“The symbol of God functions.” How you picture God directly affects how you live your life. I am adapting an essay I wrote in my theology class into a five part series… my 5 fundamental attributes of God. I’ve tried to make it a bit simpler for laymen but still… its hard to separate Christian theology from at least a few big, nasty words. Here goes…
God is knowable in creation.
Since God is Trinitarian and relational, God is knowable in creation. In radical, vulnerable love, God gave His name to Moses—YHWH, or “I AM WHO I AM”. While this accentuates His mystery, the fact remains, God gave Moses His name. He is the relational God. Such Divine self-disclosure belongs exclusively to the Christian biblical tradition.
God’s desire is for right relationship with His children that is rooted, (just as in His Triune-Self), in love. Love is a deeply personal term, reserved strictly for relationships that encompass the emotional as well as intellectual capacity of distinct individuals. Thus, love cannot be relegated upon the radically other, mysterious unknown-it must be someone knowable.

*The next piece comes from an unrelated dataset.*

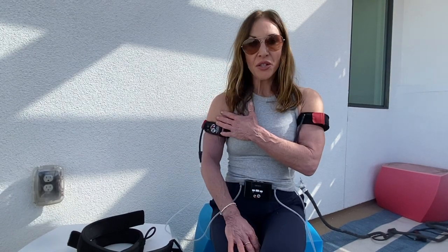I noticed your arms are very red, even purplish below the band, and above the band it's nice white. Did that ever bother you or get you nervous? Actually, in the beginning I questioned whether my bands were on too tight, is this supposed to happen — is it scary?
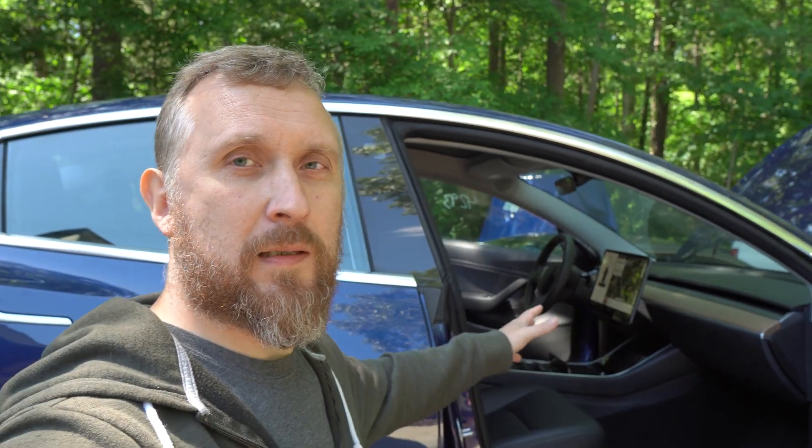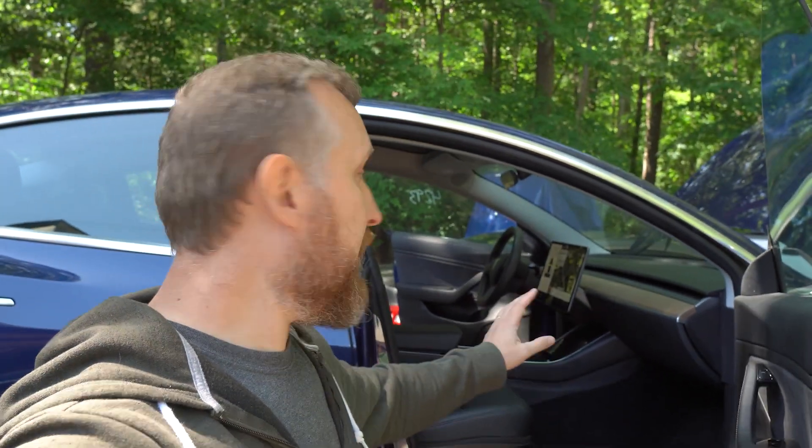We're all done with this project. I got the SRS system completely done — airbags replaced, seat belt replaced, and module reset and back in. I'm very excited for tomorrow; this car is finally going to touch the ground. I'll take it for a short spin and we'll go from there.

Since God is the holy, radical other, any description of God is deeply analogical and inadequate. However, symbols such as “Father”, “Mother” or “King” must be retained because titles such as “Holy Other” and “Divine” or even strictly using “God” forfeit the loving relationality we have with God. Thus, Jesus referred to God as “Abba” and “Father”. He reserved the title “My God” to a single use in an echoing of a Jewish psalm to express His deep sorrow from the Cross. The ultimate testimony to God’s knowability is the revelation of God in the Person of Christ Jesus—fully God and fully man. While God has not left Himself without a witness across the Earth, (Rom. 2.15) it is foremost through the Holy Scriptures and especially the Gospels that God’s own Person is revealed. (Eph. 3.4-6) The danger is to “understand” God and put Him in a box. We must therefore be careful to maintain the tension between a dominating understanding of God and a humble knowing of God.